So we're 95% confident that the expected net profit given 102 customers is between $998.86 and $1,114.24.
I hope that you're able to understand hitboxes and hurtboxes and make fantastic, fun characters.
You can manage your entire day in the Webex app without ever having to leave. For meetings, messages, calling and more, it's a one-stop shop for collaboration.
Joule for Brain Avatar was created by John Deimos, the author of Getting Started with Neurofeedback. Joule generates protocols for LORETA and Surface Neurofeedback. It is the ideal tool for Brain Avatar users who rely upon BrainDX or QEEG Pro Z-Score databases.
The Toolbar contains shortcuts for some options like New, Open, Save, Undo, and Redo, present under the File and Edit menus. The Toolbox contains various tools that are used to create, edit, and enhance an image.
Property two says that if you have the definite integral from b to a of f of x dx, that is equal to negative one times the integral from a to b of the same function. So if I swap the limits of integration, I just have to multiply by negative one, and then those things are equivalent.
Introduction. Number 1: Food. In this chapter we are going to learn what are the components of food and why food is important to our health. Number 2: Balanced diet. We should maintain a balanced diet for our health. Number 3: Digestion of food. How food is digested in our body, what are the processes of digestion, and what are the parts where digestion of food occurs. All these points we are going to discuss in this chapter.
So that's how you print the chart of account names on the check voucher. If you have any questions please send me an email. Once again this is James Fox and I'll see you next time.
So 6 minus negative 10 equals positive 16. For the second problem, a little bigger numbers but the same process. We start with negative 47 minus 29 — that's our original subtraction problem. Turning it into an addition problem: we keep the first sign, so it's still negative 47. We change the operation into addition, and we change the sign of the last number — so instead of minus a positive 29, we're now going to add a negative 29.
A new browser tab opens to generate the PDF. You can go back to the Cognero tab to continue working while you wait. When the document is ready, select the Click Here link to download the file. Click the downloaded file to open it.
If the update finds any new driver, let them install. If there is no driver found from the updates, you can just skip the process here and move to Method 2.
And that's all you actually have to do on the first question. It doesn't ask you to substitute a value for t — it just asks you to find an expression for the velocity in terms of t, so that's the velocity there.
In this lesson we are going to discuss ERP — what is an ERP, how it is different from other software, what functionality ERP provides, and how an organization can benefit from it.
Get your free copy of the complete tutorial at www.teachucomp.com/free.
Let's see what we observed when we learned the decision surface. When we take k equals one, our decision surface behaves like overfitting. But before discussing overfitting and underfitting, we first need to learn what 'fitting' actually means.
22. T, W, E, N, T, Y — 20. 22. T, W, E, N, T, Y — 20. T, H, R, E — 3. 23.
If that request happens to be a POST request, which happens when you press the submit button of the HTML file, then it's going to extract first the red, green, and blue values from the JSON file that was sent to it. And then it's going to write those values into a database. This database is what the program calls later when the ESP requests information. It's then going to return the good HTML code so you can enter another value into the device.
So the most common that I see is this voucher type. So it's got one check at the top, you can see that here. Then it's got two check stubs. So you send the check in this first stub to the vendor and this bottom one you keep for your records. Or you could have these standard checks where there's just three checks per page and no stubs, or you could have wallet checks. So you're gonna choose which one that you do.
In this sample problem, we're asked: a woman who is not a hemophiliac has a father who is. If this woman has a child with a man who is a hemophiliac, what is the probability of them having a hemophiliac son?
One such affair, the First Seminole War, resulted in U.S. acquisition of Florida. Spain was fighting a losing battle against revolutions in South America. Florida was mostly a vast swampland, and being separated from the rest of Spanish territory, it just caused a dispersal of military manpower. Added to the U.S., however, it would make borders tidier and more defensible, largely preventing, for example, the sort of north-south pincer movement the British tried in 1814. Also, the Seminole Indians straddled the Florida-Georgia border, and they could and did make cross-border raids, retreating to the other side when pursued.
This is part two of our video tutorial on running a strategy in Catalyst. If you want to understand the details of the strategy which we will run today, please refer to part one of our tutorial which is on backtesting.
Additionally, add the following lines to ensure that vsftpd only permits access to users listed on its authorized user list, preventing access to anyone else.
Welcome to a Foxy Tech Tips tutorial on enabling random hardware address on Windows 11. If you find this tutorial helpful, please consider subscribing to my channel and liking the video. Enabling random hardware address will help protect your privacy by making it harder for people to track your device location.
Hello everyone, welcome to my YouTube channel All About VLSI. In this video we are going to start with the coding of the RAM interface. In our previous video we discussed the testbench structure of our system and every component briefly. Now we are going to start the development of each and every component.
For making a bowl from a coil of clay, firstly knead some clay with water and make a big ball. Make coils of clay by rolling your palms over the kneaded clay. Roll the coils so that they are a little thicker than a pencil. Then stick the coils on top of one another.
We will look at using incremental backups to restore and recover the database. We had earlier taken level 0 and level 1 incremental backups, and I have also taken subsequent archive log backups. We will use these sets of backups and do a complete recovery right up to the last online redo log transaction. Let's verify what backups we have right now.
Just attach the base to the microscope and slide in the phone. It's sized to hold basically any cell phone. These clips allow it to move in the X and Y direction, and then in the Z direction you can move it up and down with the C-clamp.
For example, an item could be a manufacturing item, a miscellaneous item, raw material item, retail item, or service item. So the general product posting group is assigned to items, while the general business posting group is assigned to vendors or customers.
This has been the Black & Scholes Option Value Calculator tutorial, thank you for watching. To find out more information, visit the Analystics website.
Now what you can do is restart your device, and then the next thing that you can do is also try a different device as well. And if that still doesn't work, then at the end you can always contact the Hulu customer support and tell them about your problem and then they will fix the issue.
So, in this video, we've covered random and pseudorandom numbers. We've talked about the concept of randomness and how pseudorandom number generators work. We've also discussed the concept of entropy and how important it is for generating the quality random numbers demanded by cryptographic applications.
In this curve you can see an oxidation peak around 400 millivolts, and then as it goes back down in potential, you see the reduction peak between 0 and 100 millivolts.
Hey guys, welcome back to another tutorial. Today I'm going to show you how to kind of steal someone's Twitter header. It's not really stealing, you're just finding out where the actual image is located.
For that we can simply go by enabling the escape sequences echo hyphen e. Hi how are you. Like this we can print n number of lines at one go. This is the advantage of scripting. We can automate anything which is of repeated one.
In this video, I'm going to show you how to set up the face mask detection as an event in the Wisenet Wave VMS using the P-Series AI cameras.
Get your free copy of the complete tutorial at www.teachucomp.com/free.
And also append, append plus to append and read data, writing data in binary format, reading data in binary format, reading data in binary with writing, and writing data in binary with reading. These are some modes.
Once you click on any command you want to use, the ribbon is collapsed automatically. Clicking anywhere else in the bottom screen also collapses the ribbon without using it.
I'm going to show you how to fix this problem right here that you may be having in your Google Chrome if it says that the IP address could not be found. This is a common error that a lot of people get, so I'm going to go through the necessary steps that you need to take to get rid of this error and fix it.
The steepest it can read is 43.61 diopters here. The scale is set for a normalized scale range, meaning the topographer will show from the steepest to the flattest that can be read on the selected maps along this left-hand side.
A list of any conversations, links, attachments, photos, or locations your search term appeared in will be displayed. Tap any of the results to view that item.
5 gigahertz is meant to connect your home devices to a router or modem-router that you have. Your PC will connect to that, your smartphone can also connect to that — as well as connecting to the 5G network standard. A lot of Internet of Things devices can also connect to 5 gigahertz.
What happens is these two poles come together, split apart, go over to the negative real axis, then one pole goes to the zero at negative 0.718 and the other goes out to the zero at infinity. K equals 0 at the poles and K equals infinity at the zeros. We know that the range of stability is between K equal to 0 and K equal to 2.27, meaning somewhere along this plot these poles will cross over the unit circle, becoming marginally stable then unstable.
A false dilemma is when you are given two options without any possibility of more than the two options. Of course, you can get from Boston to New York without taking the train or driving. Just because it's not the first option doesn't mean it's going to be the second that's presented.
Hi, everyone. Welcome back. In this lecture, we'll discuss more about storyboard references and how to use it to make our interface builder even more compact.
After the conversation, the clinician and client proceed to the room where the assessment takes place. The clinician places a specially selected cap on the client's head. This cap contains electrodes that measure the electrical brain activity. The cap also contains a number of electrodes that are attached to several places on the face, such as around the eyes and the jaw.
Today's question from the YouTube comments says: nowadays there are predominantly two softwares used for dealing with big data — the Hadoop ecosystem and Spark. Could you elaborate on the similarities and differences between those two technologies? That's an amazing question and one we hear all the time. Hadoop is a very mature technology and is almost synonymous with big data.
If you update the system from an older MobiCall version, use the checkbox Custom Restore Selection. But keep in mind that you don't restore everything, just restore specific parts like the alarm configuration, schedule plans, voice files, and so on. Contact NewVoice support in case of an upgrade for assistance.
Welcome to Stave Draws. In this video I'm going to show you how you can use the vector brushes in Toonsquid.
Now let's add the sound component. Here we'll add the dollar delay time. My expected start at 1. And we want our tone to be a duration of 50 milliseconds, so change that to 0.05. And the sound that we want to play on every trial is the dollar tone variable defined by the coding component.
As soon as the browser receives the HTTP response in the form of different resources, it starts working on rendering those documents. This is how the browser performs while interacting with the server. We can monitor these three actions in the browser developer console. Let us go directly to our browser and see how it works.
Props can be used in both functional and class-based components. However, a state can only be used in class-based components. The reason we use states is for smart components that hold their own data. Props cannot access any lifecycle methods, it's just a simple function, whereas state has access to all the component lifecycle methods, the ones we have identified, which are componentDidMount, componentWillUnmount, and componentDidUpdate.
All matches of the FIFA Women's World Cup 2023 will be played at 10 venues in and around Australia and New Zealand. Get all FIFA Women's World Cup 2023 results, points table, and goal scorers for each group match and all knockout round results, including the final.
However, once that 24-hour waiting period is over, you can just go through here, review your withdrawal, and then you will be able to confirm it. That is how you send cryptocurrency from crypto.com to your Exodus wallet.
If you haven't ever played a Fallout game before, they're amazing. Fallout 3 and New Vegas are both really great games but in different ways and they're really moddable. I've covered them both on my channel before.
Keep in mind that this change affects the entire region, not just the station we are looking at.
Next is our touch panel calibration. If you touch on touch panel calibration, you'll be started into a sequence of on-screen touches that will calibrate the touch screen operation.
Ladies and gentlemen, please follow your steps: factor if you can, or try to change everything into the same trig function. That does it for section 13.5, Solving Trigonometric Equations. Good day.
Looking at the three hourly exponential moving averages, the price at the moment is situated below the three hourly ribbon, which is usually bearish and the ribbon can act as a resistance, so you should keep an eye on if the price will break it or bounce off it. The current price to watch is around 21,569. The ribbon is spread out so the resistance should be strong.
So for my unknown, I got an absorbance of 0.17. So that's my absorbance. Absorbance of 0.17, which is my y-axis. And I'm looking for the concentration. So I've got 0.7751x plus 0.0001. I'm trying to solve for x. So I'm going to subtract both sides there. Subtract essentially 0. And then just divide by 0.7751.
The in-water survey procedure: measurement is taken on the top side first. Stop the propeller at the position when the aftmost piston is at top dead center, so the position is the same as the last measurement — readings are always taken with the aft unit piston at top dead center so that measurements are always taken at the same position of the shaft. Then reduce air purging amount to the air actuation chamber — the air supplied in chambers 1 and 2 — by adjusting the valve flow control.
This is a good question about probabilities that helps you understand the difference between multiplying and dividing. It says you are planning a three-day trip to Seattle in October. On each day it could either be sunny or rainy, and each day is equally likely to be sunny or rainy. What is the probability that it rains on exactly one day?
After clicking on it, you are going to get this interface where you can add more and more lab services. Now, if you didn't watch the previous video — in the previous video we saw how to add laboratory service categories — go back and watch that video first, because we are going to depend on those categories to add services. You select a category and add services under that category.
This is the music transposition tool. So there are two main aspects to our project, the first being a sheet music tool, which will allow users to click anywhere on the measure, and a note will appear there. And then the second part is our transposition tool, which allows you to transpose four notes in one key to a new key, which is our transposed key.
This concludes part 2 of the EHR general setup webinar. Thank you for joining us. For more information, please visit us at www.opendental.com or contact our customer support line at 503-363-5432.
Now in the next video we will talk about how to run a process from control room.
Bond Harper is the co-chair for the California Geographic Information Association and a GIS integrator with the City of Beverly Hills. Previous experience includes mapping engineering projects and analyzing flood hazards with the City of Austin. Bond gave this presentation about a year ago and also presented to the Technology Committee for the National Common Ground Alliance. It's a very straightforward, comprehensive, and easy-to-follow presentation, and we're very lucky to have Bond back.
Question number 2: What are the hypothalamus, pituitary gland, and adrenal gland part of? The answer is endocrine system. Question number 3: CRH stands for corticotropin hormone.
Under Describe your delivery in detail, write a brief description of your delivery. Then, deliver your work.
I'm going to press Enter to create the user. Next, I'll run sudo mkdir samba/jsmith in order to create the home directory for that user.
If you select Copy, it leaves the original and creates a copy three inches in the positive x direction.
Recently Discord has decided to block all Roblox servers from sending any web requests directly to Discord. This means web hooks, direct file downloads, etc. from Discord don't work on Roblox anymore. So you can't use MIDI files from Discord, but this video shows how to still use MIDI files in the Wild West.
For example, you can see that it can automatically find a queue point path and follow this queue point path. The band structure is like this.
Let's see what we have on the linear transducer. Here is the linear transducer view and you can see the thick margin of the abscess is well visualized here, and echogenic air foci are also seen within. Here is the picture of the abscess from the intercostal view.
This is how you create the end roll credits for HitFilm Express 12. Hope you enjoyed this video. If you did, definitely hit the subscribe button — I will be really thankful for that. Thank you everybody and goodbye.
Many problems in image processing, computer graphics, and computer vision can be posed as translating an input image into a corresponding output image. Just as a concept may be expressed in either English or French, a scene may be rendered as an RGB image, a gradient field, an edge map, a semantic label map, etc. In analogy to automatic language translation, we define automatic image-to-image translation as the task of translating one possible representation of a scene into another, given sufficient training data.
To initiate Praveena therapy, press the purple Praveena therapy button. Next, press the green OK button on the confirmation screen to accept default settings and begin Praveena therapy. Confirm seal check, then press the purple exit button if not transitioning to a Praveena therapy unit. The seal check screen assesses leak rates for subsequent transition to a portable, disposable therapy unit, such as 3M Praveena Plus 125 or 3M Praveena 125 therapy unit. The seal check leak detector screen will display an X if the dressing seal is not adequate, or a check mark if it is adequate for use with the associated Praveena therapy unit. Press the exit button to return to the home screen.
┄┄┄┄┄┄
# [WHAT THIS TASK INVOLVES]
Please state how many lines hold the string "understand" in the listing above, giving the figure alone.

# [COMPLETED EXERCISE]
3